### What is being asked
Look for the line that has "young girl and boy sit on a bench" in the material below; please repeat it and every line after it, exactly, up to and including the line that has "This is a digitally", and nothing else.

== Records for processing ==

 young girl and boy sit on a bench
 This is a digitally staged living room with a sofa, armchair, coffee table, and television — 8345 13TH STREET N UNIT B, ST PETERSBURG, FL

===
== Records for processing ==

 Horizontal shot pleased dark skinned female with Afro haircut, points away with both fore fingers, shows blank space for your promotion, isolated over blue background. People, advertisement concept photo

===
== Records for processing ==

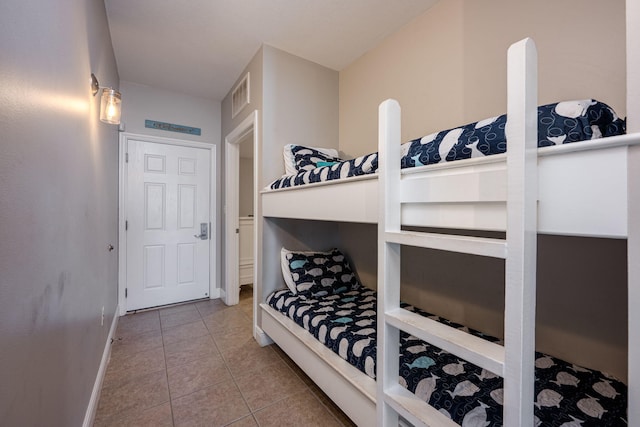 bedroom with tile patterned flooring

===

### Task solution
 young girl and boy sit on a bench
 This is a digitally staged living room with a sofa, armchair, coffee table, and television — 8345 13TH STREET N UNIT B, ST PETERSBURG, FL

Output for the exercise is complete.